>>>
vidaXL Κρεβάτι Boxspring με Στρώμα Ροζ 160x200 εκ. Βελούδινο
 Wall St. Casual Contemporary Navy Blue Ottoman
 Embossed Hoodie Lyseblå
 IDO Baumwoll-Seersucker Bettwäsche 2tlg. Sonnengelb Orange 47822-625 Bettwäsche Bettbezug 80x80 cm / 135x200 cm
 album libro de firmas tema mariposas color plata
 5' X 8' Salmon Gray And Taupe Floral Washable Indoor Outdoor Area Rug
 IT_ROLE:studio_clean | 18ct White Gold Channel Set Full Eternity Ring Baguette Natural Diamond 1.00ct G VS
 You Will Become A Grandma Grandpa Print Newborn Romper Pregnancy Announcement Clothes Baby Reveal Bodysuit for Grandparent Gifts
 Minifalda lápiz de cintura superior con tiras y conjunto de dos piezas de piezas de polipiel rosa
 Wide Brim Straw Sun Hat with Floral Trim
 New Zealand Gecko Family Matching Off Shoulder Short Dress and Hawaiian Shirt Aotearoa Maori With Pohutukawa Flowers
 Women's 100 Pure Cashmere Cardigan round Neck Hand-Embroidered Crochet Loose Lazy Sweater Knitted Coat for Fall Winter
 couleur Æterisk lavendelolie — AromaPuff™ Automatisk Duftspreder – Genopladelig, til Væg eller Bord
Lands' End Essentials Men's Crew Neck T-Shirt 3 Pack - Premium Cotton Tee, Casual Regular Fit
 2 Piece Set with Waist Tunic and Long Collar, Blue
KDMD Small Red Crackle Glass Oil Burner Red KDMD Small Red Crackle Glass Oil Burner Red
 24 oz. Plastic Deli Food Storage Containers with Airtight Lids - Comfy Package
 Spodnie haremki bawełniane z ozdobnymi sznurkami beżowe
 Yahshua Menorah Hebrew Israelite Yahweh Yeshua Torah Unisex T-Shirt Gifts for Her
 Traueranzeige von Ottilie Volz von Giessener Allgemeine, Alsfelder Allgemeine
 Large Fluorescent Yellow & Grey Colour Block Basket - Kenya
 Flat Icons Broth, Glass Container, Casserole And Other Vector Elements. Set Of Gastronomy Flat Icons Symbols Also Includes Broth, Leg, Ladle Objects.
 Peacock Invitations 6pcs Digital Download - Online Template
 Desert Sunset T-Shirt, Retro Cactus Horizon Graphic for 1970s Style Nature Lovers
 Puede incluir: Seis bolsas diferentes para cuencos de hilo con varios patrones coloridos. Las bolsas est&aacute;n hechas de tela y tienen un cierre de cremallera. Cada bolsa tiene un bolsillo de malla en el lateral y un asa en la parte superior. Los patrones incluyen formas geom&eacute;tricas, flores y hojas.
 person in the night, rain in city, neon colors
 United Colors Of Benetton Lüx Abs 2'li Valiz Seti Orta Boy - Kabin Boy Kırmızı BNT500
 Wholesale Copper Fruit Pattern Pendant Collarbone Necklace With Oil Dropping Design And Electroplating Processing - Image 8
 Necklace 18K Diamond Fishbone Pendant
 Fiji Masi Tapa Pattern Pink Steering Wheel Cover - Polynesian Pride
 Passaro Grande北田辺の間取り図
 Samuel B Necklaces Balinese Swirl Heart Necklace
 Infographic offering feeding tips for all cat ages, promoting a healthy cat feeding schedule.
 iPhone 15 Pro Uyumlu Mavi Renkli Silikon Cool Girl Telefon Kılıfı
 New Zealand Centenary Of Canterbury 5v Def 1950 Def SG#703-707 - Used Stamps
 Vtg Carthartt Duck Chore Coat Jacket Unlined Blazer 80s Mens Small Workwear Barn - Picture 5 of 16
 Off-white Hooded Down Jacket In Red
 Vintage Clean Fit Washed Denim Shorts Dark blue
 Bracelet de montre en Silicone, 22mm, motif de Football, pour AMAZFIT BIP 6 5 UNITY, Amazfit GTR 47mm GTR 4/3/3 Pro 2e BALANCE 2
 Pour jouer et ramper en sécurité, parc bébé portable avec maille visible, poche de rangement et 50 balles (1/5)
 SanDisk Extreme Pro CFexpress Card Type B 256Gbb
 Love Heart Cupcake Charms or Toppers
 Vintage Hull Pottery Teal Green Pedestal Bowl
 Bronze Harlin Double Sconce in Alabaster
<<<
▶ Assignment: Starting at the first line of the data above, retype each line exactly until you reach the line containing "New Zealand Gecko", and include that line too.

▶ Written response:
vidaXL Κρεβάτι Boxspring με Στρώμα Ροζ 160x200 εκ. Βελούδινο
 Wall St. Casual Contemporary Navy Blue Ottoman
 Embossed Hoodie Lyseblå
 IDO Baumwoll-Seersucker Bettwäsche 2tlg. Sonnengelb Orange 47822-625 Bettwäsche Bettbezug 80x80 cm / 135x200 cm
 album libro de firmas tema mariposas color plata
 5' X 8' Salmon Gray And Taupe Floral Washable Indoor Outdoor Area Rug
 IT_ROLE:studio_clean | 18ct White Gold Channel Set Full Eternity Ring Baguette Natural Diamond 1.00ct G VS
 You Will Become A Grandma Grandpa Print Newborn Romper Pregnancy Announcement Clothes Baby Reveal Bodysuit for Grandparent Gifts
 Minifalda lápiz de cintura superior con tiras y conjunto de dos piezas de piezas de polipiel rosa
 Wide Brim Straw Sun Hat with Floral Trim
 New Zealand Gecko Family Matching Off Shoulder Short Dress and Hawaiian Shirt Aotearoa Maori With Pohutukawa Flowers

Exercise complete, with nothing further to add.